Please give back the listing exactly, without any of its pictures.
*** DATA ***
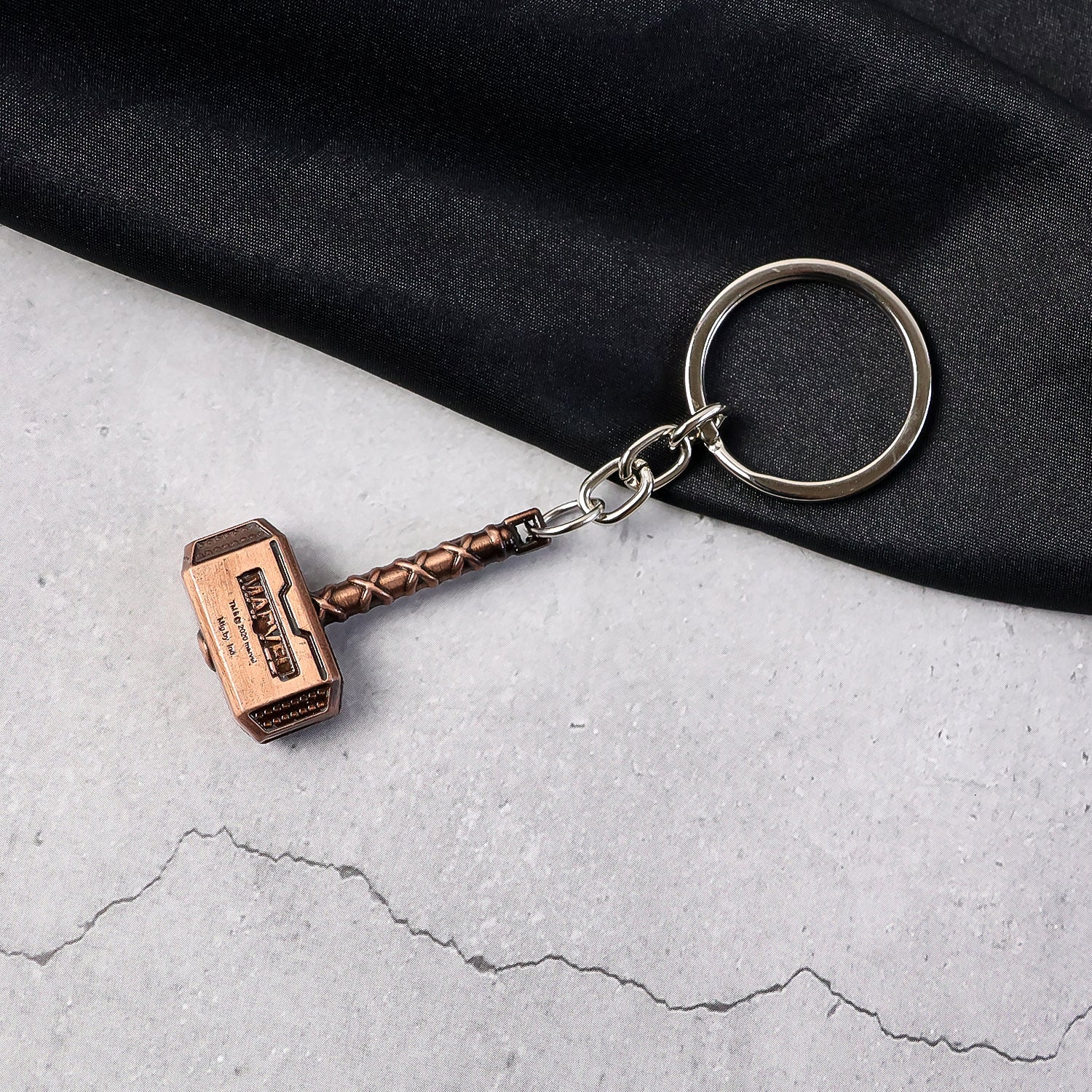 Metal Hammer Keychain – Durable Zinc Alloy Mini Keyring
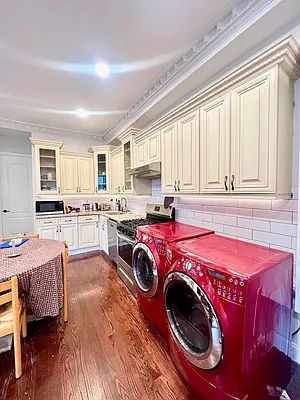 Rented by Mae Equities | media 3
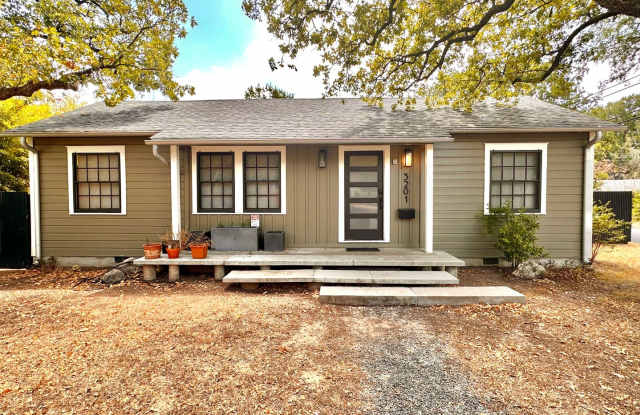 Cherrywood 3x2 + Detached Studio/At-Home Office photos photos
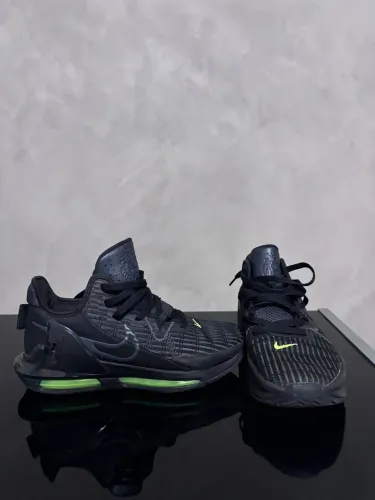 Nike Tênis de basquete masculino Lebron Witness VI, preto/preto-antracite-volt, TAM 40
*** End of DATA ***
● **RESPONSE BOX**:
 Metal Hammer Keychain – Durable Zinc Alloy Mini Keyring
 Rented by Mae Equities | media 3
 Cherrywood 3x2 + Detached Studio/At-Home Office photos photos
 Nike Tênis de basquete masculino Lebron Witness VI, preto/preto-antracite-volt, TAM 40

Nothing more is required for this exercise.